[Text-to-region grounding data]

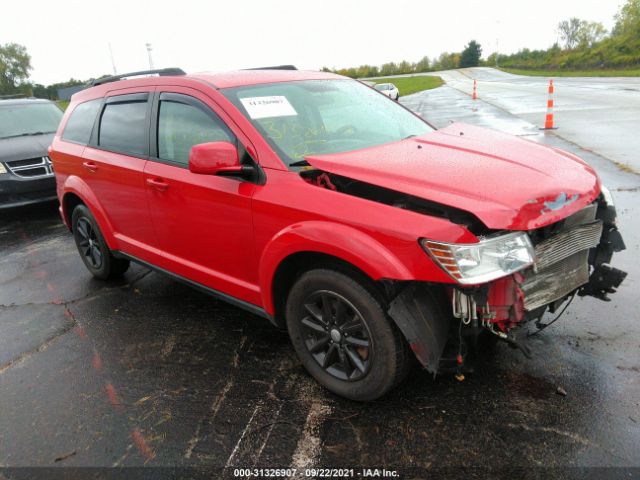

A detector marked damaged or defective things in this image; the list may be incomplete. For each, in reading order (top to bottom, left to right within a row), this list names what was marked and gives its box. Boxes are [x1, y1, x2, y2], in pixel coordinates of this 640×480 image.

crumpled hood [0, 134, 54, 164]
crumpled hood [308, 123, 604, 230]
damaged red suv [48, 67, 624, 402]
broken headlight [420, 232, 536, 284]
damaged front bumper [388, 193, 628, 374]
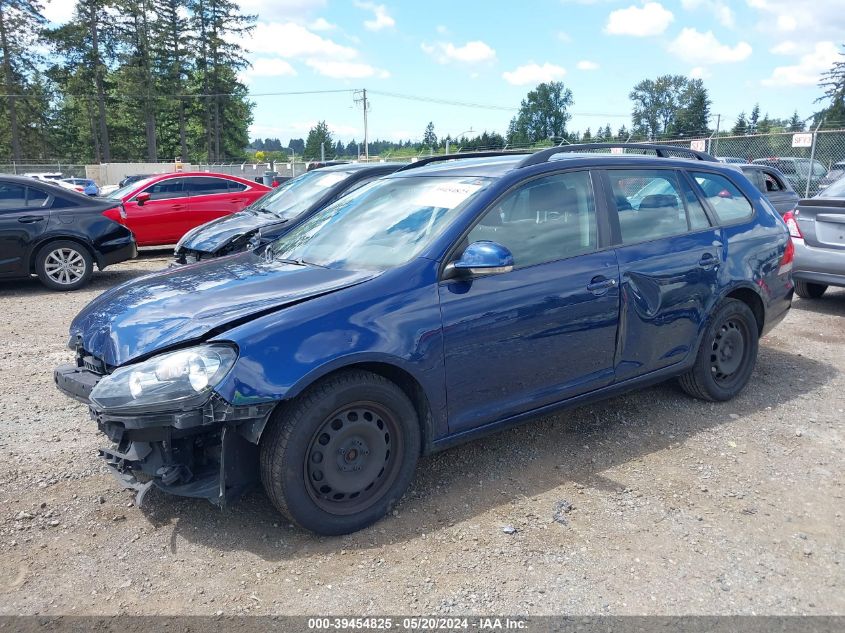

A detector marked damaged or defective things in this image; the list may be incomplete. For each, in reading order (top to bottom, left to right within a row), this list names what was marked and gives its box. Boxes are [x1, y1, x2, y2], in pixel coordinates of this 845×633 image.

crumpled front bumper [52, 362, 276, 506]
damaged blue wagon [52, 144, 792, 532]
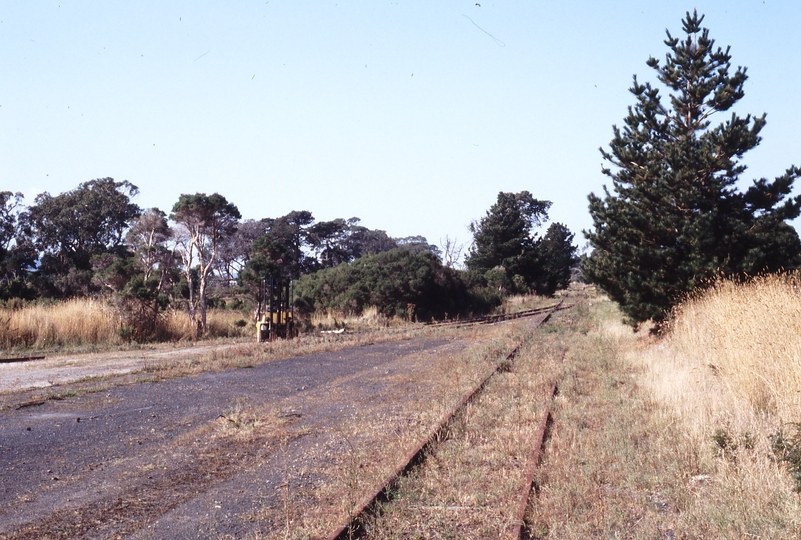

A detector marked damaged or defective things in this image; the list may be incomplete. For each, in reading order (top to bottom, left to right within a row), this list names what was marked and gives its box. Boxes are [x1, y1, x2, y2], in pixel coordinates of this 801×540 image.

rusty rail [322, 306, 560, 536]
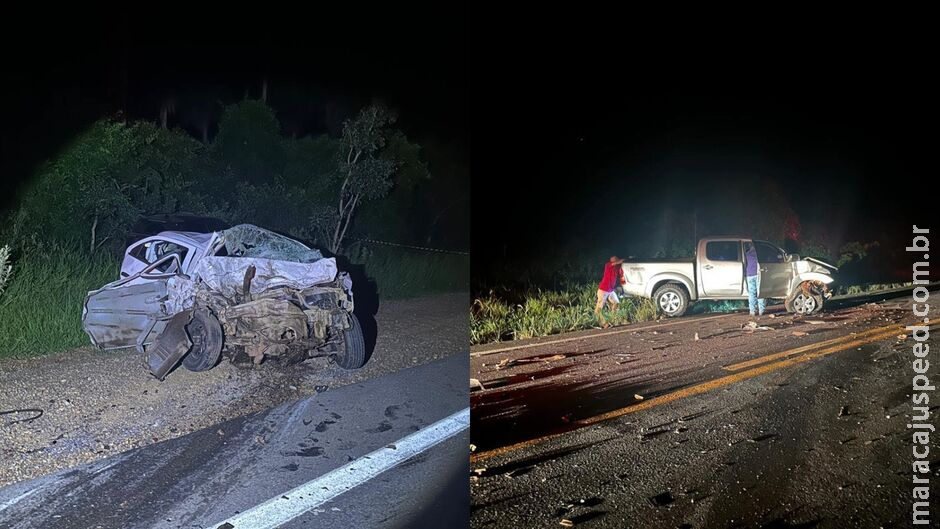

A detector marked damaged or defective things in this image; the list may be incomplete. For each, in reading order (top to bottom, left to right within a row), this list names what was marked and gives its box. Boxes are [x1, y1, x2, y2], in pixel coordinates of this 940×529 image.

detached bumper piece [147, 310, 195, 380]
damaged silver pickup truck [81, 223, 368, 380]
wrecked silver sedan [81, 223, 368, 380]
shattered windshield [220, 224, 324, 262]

**TASK ITEM**
Every line above should be returned exactly; the pictures stay out.

**FINISHED EXERCISE**
A detector marked damaged or defective things in this image; the list may be incomplete. For each, in reading order (top to bottom, left to right within a row), this list names what was marked and gives its box. Boxes are [x1, y1, x2, y2], in pixel coordinates of this 640×480 image.

crumpled hood [0, 134, 54, 164]
crumpled hood [308, 123, 604, 230]
damaged red suv [48, 67, 624, 402]
broken headlight [420, 232, 536, 284]
damaged front bumper [388, 193, 628, 374]

A detector marked damaged or defective things in this image; the list may be incomplete. For each, in reading order (top to bottom, left to right within a row), this list names what was marked and gives its box. Boxes are [x1, y1, x2, y2], in pixel coordinates of this 845×633 image.

crumpled front bumper [52, 362, 276, 506]
damaged blue wagon [52, 144, 792, 532]

A detector marked damaged or defective things in this image; the list may be incomplete. For each, in reading order (top to bottom, left to right within a row), this list names what was marked and gives its box. Boxes are [x1, y1, x2, y2], in pixel coordinates of this 801×540 image.

rusty rail [322, 306, 560, 536]

A detector marked damaged or defective things in this image; the list may be incomplete. For each, in reading order (top to bottom, left to right within a row), this list names what was marked and gives its box. Boxes are [x1, y1, x2, y2], in pixel coordinates of this 940×529 image.

detached bumper piece [147, 310, 195, 380]
damaged silver pickup truck [81, 223, 368, 380]
wrecked silver sedan [81, 223, 368, 380]
shattered windshield [220, 224, 324, 262]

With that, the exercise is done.